— И Горный Ветер решил вырезать всё селение, мстя за годы рабства своей молодой жены?
— Ну, на такое самоуправство он едва ли пошёл бы... Хотя, конечно, гнев у него кипел. Но он умел со своим гневом быть осторожным. Да и начал он с того, с чего надо было — с установления контакта с местными племенами. Точнее, это даже вышло почти случайно. Они только высадились на берег и тут же столкнулись с местными, которые поначалу приняли чужаков за союзников белых, но благодаря Лани, той самой переводчице, недоразумение быстро разрешилось. Оказалось, что у местных с белыми война, так как те опять попытались расшириться за счёт попытки выдавить местных, а тем это не понравилось. Ну и Горный Ветер, естественно, уже не мог не помочь местным в войне против белых. В результате селение белых было уничтожено. Но это ложь, что уничтожили всех, включая женщин и детей. Местные почитают бесчестным убивать не-воинов. И многих детей врагов они усыновили, а желающим из оставшихся женщин и детей Горный Ветер помог доплыть до испанских колоний.
— Да, вы, инки, умеете быть благородными с врагами. Я же догадываюсь, каково бедной девушке пришлось в рабстве. Не знаю, смог бы я удержаться от жестокости на месте Горного Ветра.
— Это не так трудно как порой кажется, — ответил Асеро. — Я сам прошёл через такое у каньяри. Казалось бы — мстил бы и мстил, и конца нет. А вот казнил собственноручно убийцу родных — и жажда мести утолена, потом уже жалеть их начал... Но довольно об этом. Что скажешь о вере иудеев и магометан?
— Про них я знаю хуже, но и они верят, что есть только один бог, который может быть милостив лишь к тем, кто поклоняется ему правильно, и готов подвергнуть страшным казням всех остальных.
— Допустим даже бог один, но почему все единобожники так уверены, что бог непременно самолюбивый властолюбец? Ведь это качество как-то не вяжется с совершенством.
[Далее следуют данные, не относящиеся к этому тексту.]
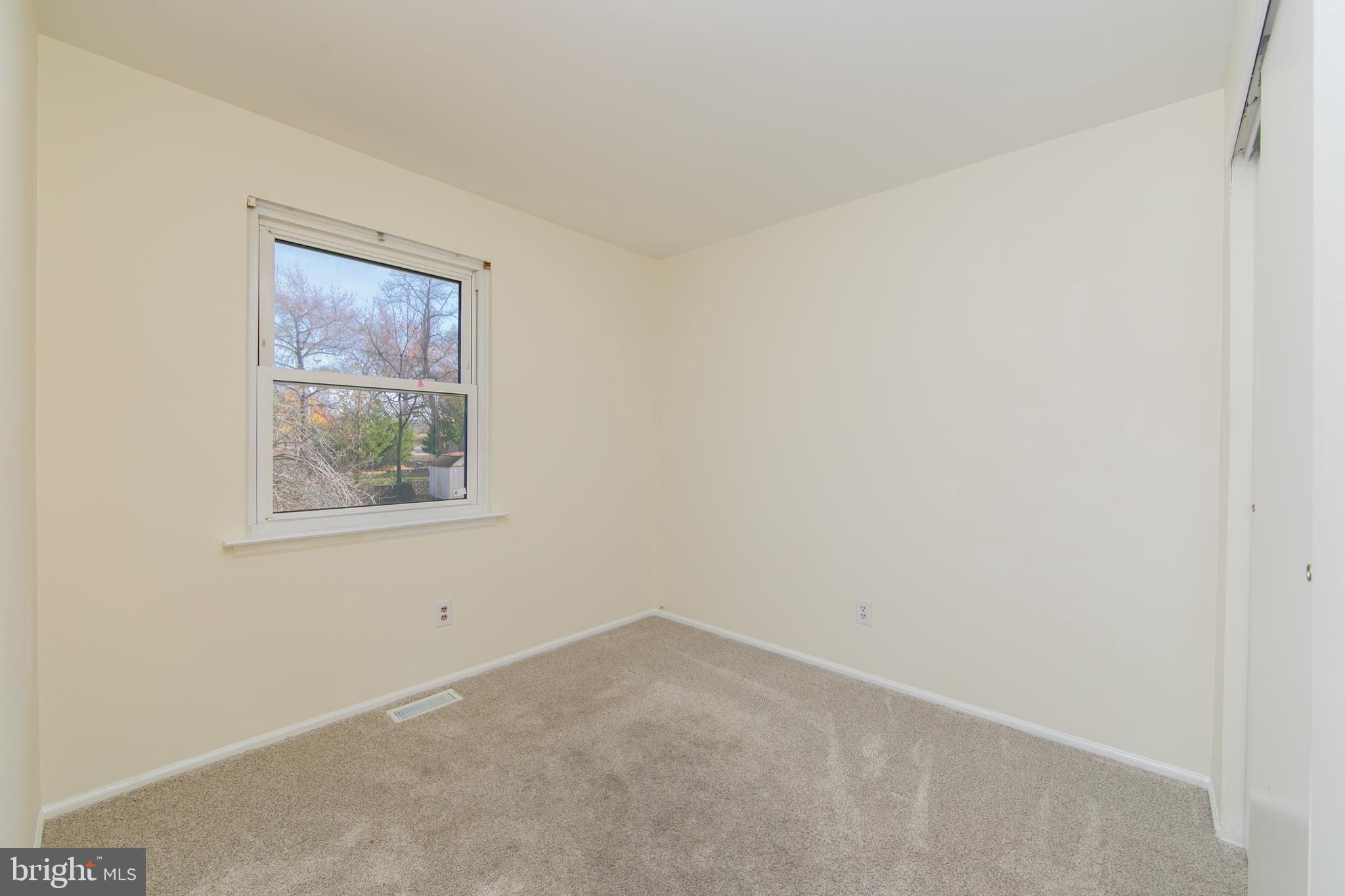 1042 Central Avenue Runnemede, NJ 08078 - Photo 20 of 36 an empty room with a window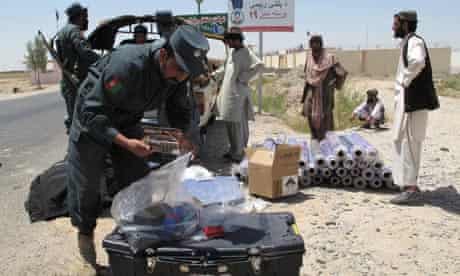 Afghan police inspect vehicles at a checkpoint in Qirshke.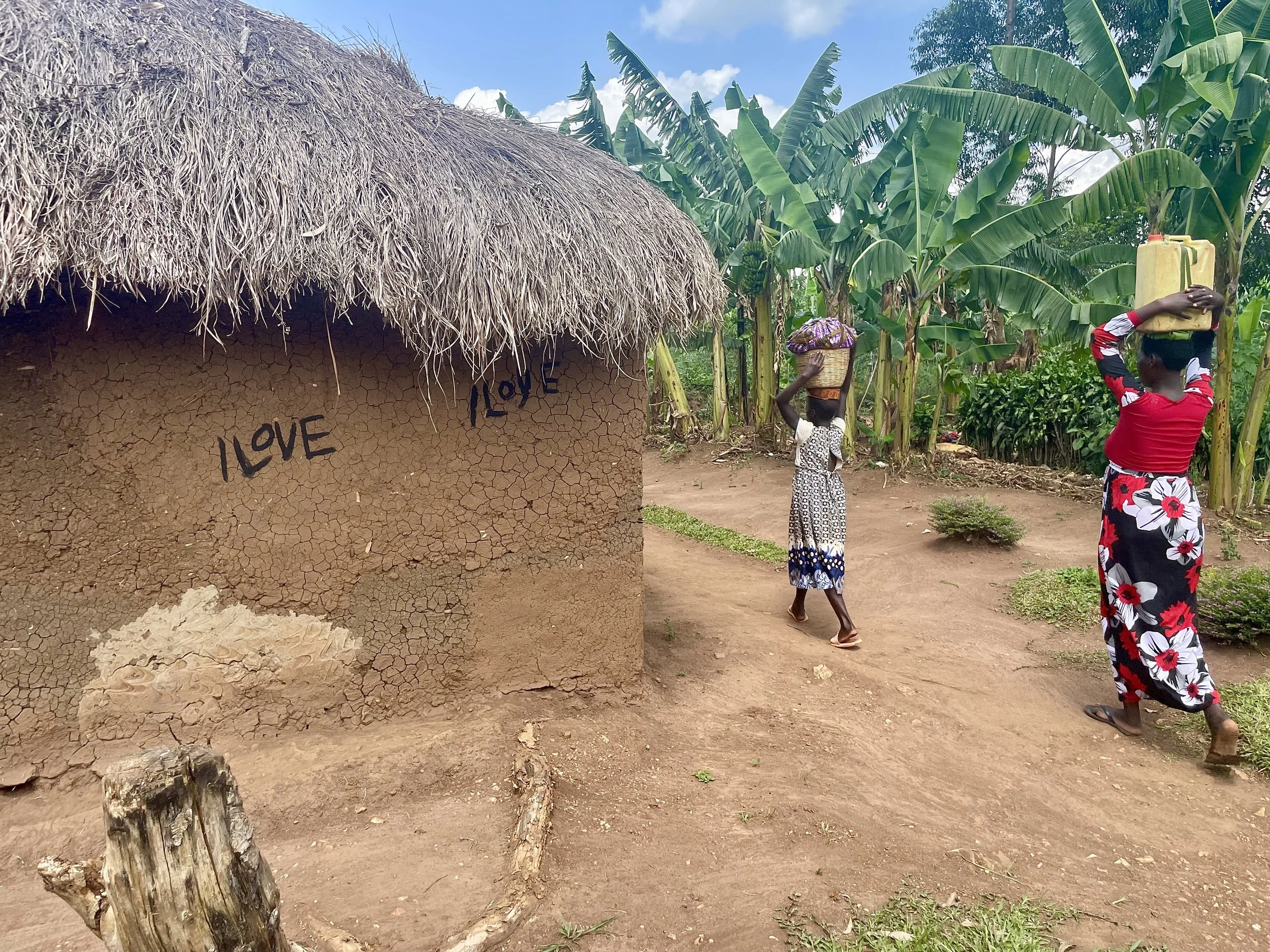A dirt path next to a traditional mud house with a thatched roof. The house has the word "LOVE" painted on the wall. Two women are carrying containers on their heads, walking along the path. One woman is dressed in a red top and floral skirt, the other in a white and black dress. There is lush green vegetation and banana plants in the background.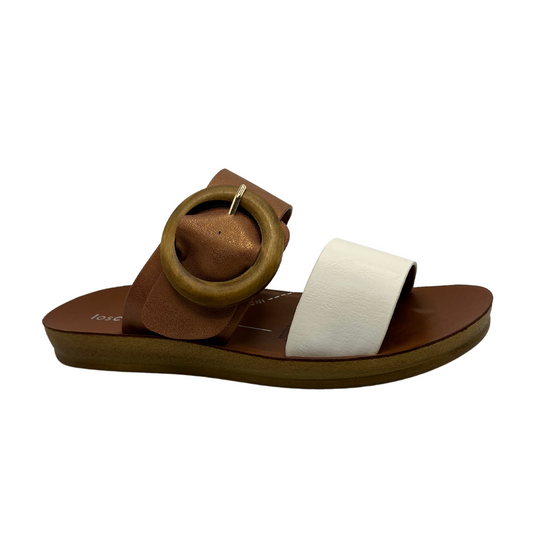 45 degree angled view of brown and white strapped sandal with lined footbed and oversized buckle detail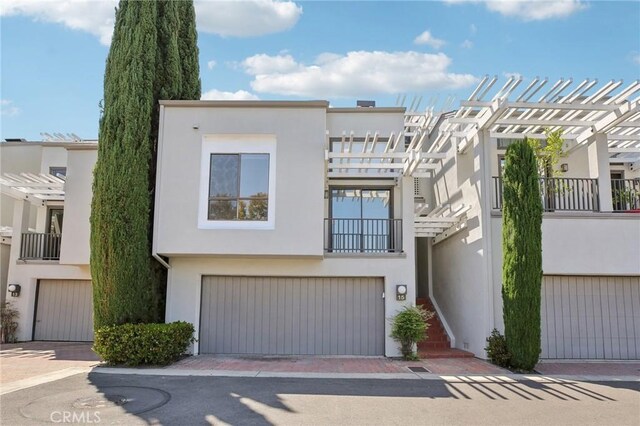 15 Waterway Unit 11, Irvine, CA 92614 - townhome / multi-family property featuring a pergola, stucco siding, a garage, and decorative driveway
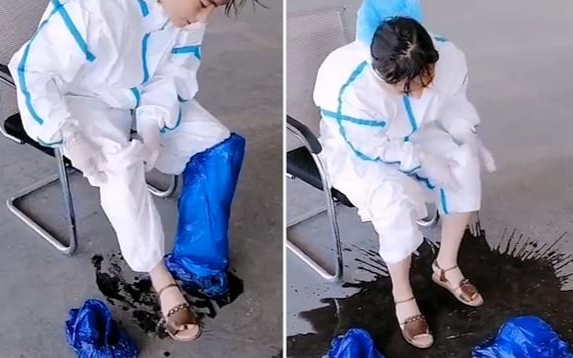 Clip nhân viên y tế Trung Quốc 'đổ cả xô mồ hôi' vì trời nóng gây xúc động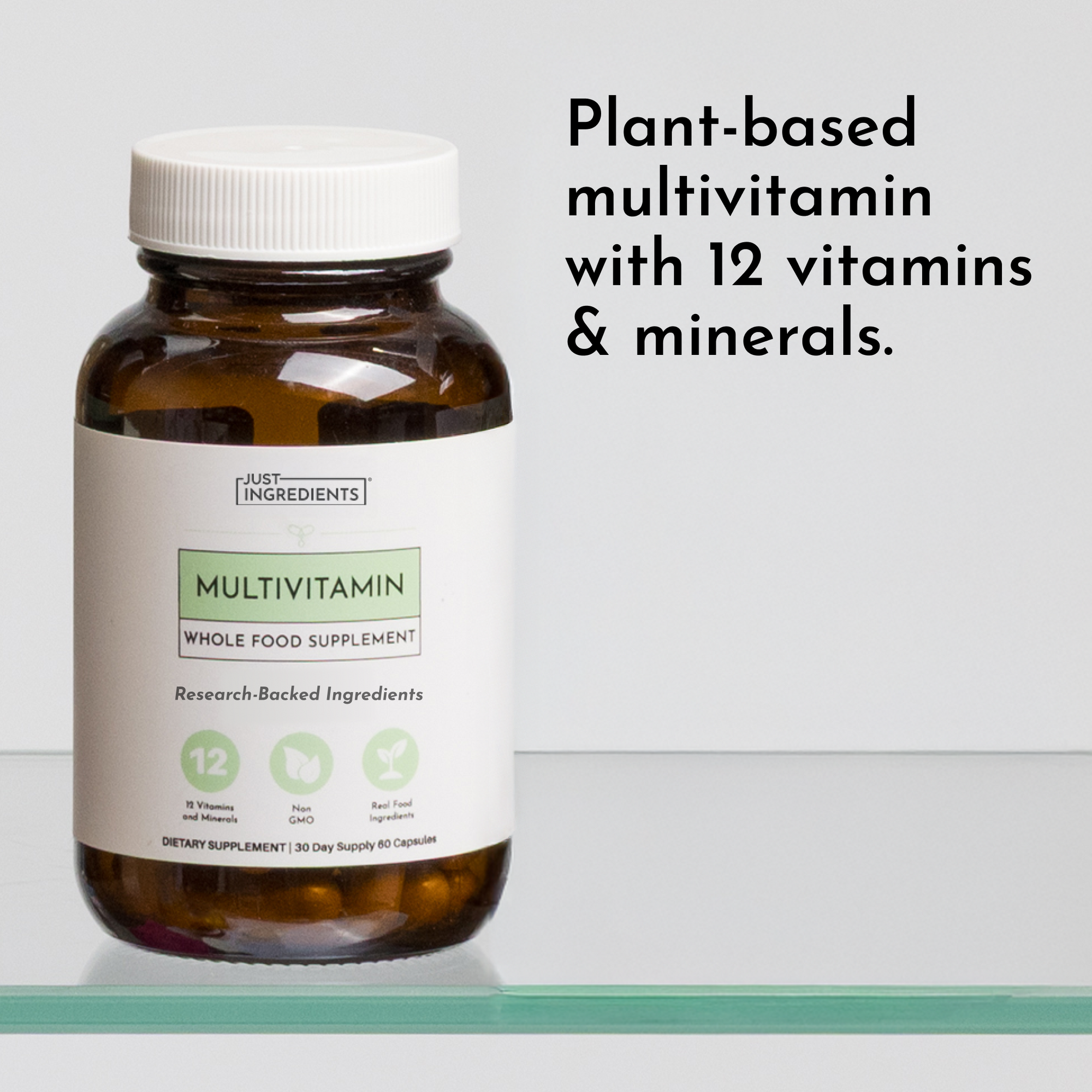 Brown glass bottle with white ridged cap containing multivitamin capsules, labeled "Just Ingredients Multivitamin Whole Food 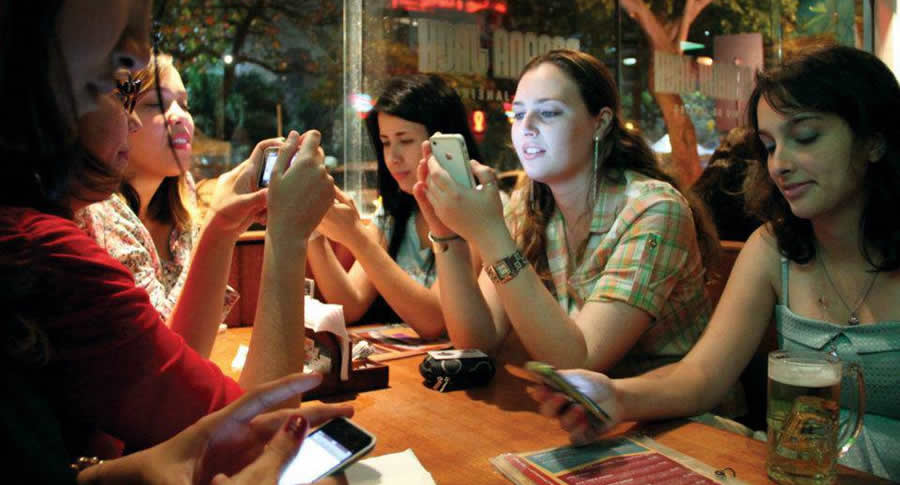 Mulheres sentadas numa mesa de bar mexendo no celular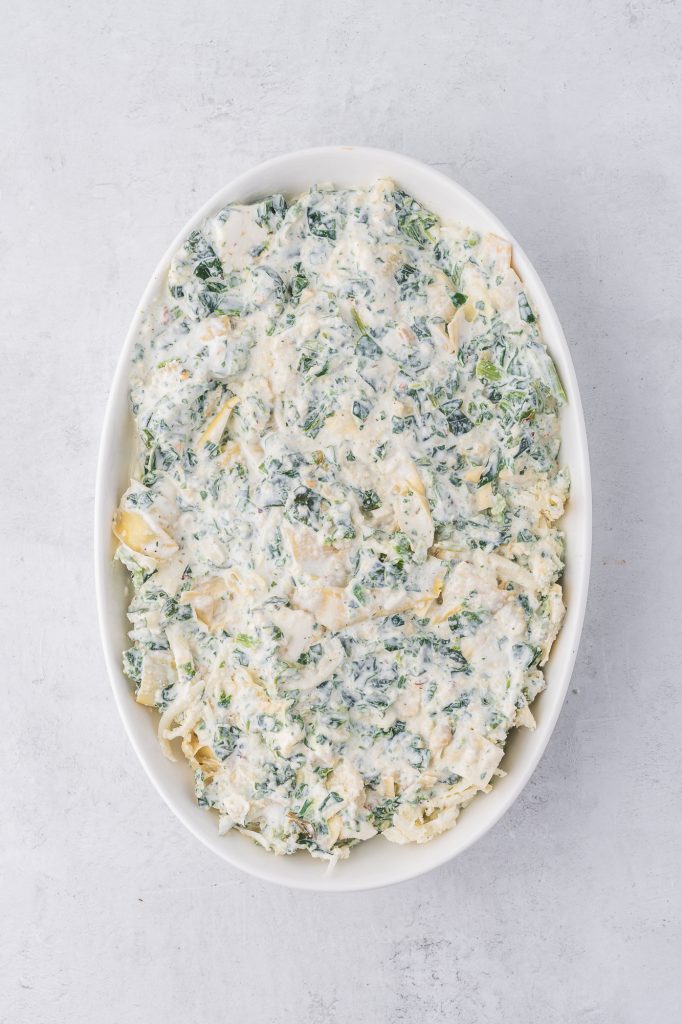 The mixed raw No Mayo Spinach Artichoke Dip spread into a casserole dish.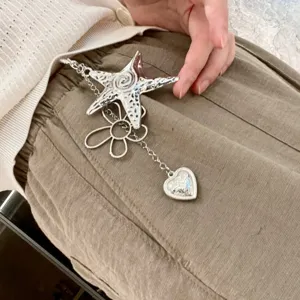 Silver star flower metal pendant y2k cool aesthetic bag charm keychain sweater chain accessory.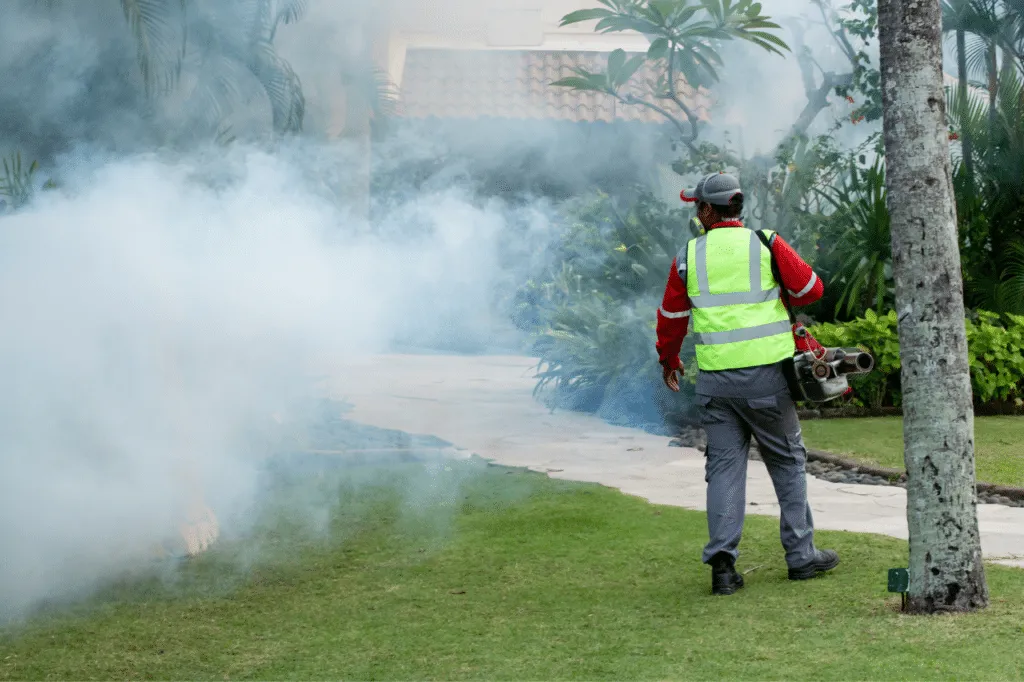 Disinfestatore che effettua una disinfestazione zanzare in un giardino con l'aiuto di un nebulizzatore
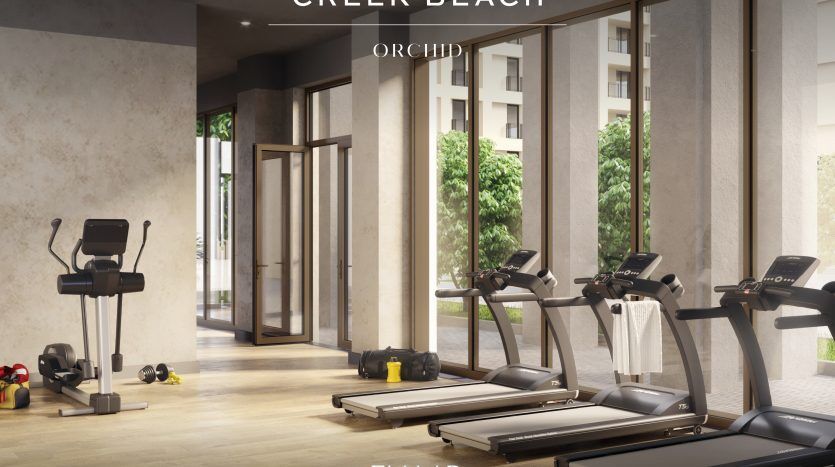 Une salle de sport moderne avec tapis roulants, vélos stationnaires et poids libres donnant sur un espace extérieur serein à travers de grandes fenêtres en verre, présentant un design élégant et minimaliste avec le texte « villa dubai ».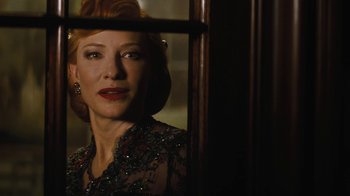 Movie still from “Cinderella” (2015), directed by Kenneth Branagh – A woman with red hair looking out of a window; Close Up shot, Over the shoulder angle
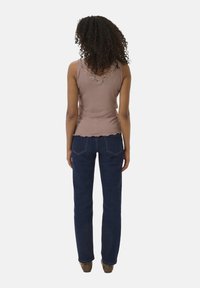 Débardeur marron avec dentelle, associé à un jean droit bleu foncé. Texture côtelée sur le haut et tissu en denim lisse.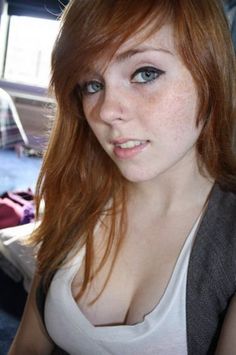 Young woman with red hair and freckles wearing a white top indoors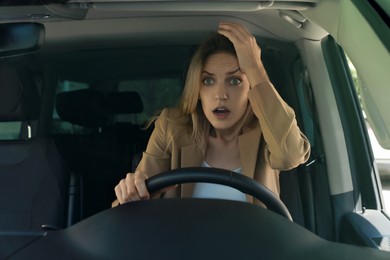 Photo of Stressed angry woman in driver's seat of modern car, view through windshield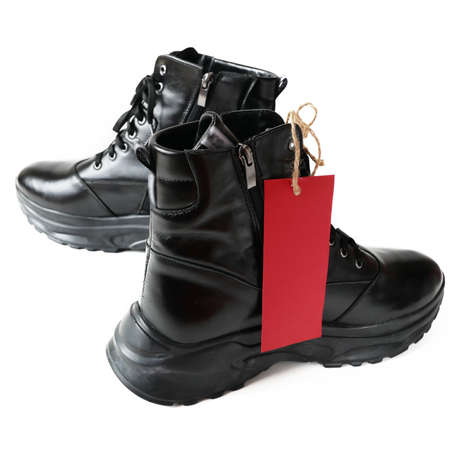 woman black boots for sale isolated on white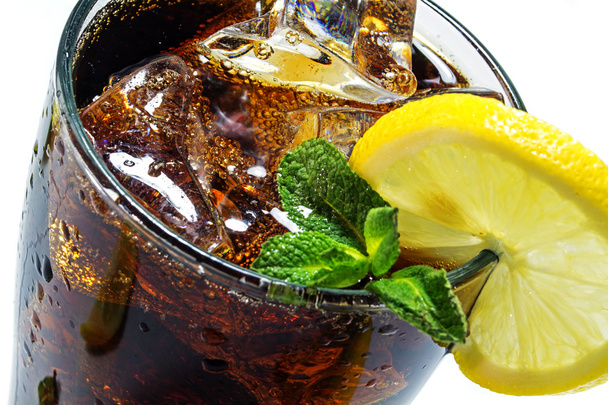 top of a glass of cola or coke with ice cubes, lemon slice and peppermint garnish, closeup - Fotó, kép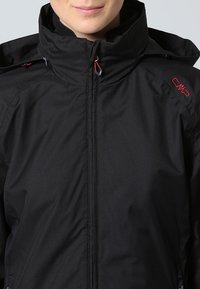 Personne portant une veste noire zippée avec un col montant et un logo rouge sur l'épaule.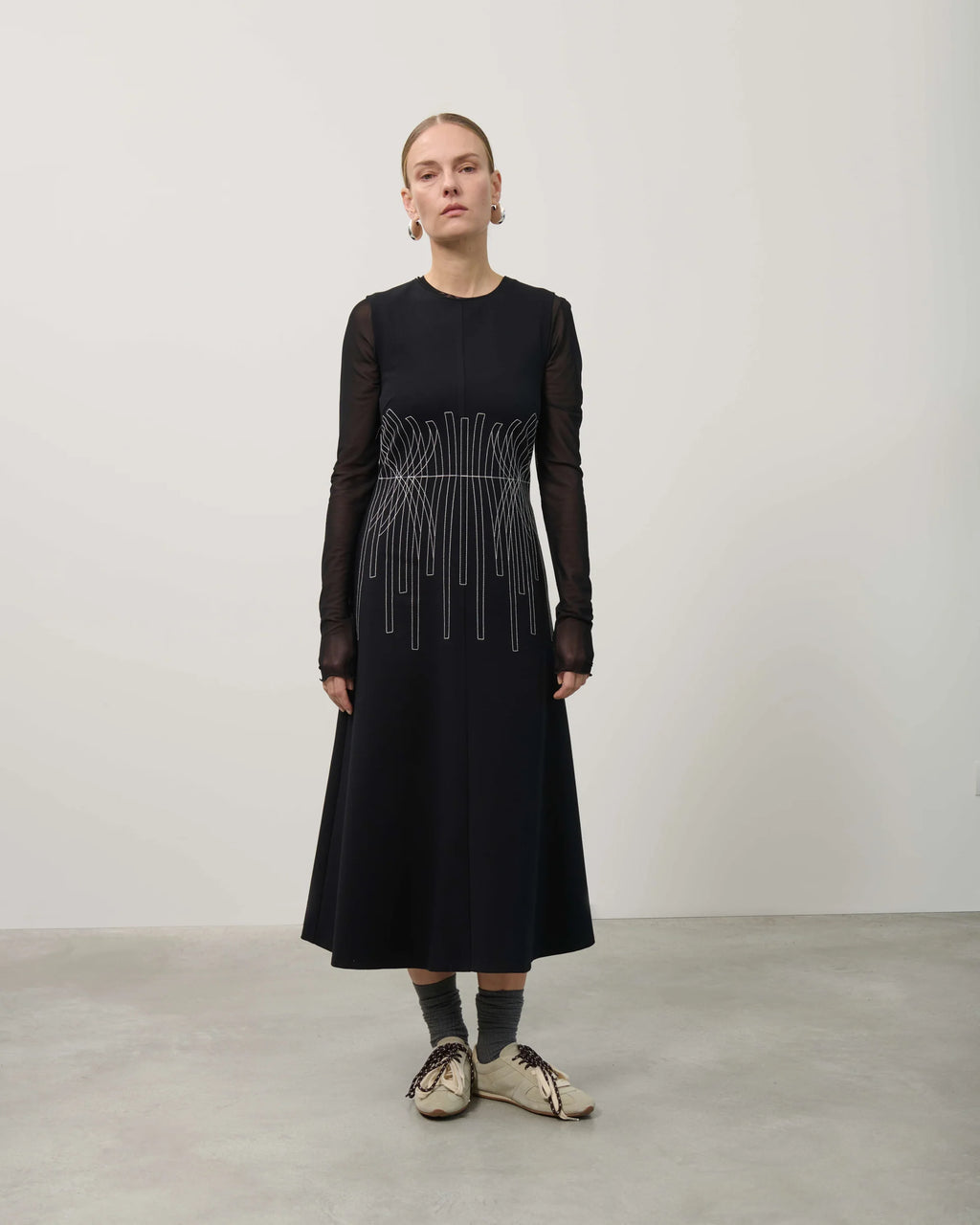 Person wearing a black dress with sheer sleeves and a white pattern on a plain background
— Говорят, в древности были философы, которые так не думали. Может, всё дело в том, что именно поклонники самолюбивого властолюбца наиболее воинственны и в силу коварства более удачливы? Не знаю. Во всяком случае, трактат одного из наших полемистов против мусульман крутился только вокруг доказательств, что христиане верят в бога правильнее, нежели мусульмане. Впрочем, этот трактат был одной из последних соломинок, переломивших хребет моей прежней вере.
— Что же там было такое?
— Как я понял из трактата, мусульмане считают, что есть люди праведные, то есть исполняющие волю бога, и грешники, которые всего, что богу нужно, не делают. Так вот, это полемист настаивал на том, что все грешники, иначе бы бог не смог нас простить, а если бы ему не было за что нас прощать, то и любить бы нас он не мог бы. Но почему чтобы чувствовать себя любимым, надо непременно чувствовать себя виноватым? Вот я сейчас на душе никакой вины не ощущаю, и мне от этого так хорошо и спокойно, как давно не было. А раньше я испытывал вину за всё подряд и жил как будто в серых сумерках. — Откусив лепёшки, Диего продолжил: — Я понял, что чувство вины напрямую от проступка не зависит. Бывает, что люди пытают и убивают других, но при этом чувствуют себя правыми, а другие мучаются от стыда за то, что от них никак не зависело. Конечно, бывают и неоднозначные случаи, но сама идея, что человека сам как бы ни лез из кожи, всё равно обречён быть грешником, молящим о прощении... она глубоко уродлива. Я сбросил это с себя так же, как сбросил монашескую рясу. Именно в тот день, когда сожгли Томаса, а надо мной надругались, я вдруг осознал, что свободен. Что ни перед этими людьми, ни перед этим богом, который равнодушно смотрел на всё происходящее сверху, я ничего не обязан. Они не могут ни осудить меня, ни даже простить. У меня была лишь лампа, оставшаяся от Томаса, но в неё я заглянул лишь потом... Как я всё-таки рад, что прозрел не стариком, и что есть на свете Тавантисуйю, где я смогу прожить жизнь не зря.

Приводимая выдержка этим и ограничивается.